В те дни, когда телевизор еще не пришел в каждый дом, Америка не была однородной и ее плавильный котел продолжал бурлить множеством культур, манер говорить, есть, общаться. Простой переезд из округа в округ мог стать уникальным приключением. Любая придорожная закусочная, в которой работала семья, ее содержавшая, заведение, совсем не похожее на сегодняшние безликие харчевни на обочине автострад, неизменно поставляла приятных и неприятных персонажей, грубые и неотесанные истории, достойные того, чтобы стать главой в каком-нибудь великом американском романе сороковых годов. Стоило пересечь границу штата, как тебя окружал другой мир. А когда окружающее меняется так часто, то и сама реальность кажется текучей — загадочной, странной. Или, говоря проще, становится мифической. Каждый телефонный звонок, отправлявший нас в путь, для меня был открытой дверью в мифическую жизнь.
Следующим этапом Кэмпбеллова цикла путешествия героя является отказ подчиниться призыву, попытка уклониться от него или подчиниться ему с задержкой, поскольку он пришел не вовремя или же человек, слышащий призыв, не считает себя достойным. Я считала себя достойной вполне, но должна была уклоняться от призыва, поскольку мне тогда шел лишь одиннадцатый год и мои родители не позволили бы мне отправиться на поиски моей судьбы. Мой детский возраст ужасно мне досаждал.
Например, я вступила в международный почтовый клуб и писала в азиатские страны сикхам, индусам и буддистам, из которых все неизменно были мужчинами. Я героически изучала писания этих религий и целыми днями просиживала в библиотеке местного теософского общества, зубря основы восточных вер. Я писала своим корреспондентам длинные и, как мне думалось, взрослые эссе о различиях между восточными и западными религиями. А в ответ получала очаровательные послания, в которых почти не было ничего религиозного, зато было полно вопросов о возможности получить работу в Америке. Затем после обмена двумя — тремя посланиями я открывала конверт и находила в нем предложение вступить в брак и фотографию моего бородатого самосвата в тюрбане. «У меня черные колючие усы» — писал мне один сикх, думая этим соблазнить меня принять его предложение. Я отвечала с негодованием, сообщая, что мне всего десять лет, на что тот возражал, утверждая, что это — самый подходящий возраст для замужества.

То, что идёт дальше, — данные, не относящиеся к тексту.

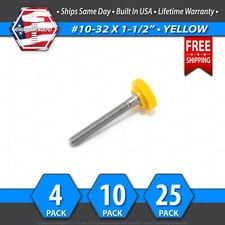 #10-32 x 1-1/2" Thumb Screw Stainless Steel - Yellow Round Knurled Knob - USA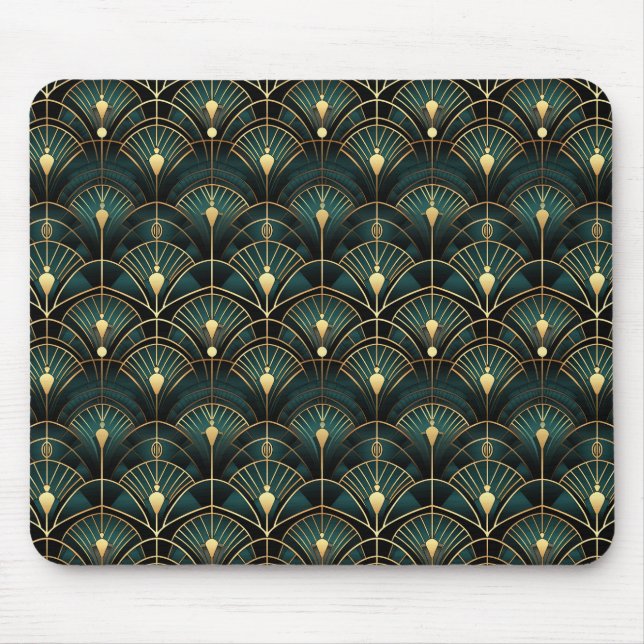 Emerald and Gold Art Deco Patterned Mouse Pad (Front)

Впрочем, Кэмпбелл давал ясно понять, что путешествие героя — это еще и аллегория путешествия души к просвещению. Я нашла слово «аллегория» в словаре и решила, что сумею справиться с этой задачей, не пакуя чемоданы и не отправляясь в дорогу одна без родителей. Далее герой пытается шагнуть за порог странствия и обрести новые силы. В традиционных путешествиях этот этап предполагает уход из мира обычной реальности и вхождение во внутренние, воображаемые миры.
«Так вот ты о чем»,— сказала я.— «Я стремлюсь вернуться в это состояние с тех пор, как шести лет от роду, спрятавшись в шкафу, пыталась увидеть Деву Марию. Что же мешает мне это сделать?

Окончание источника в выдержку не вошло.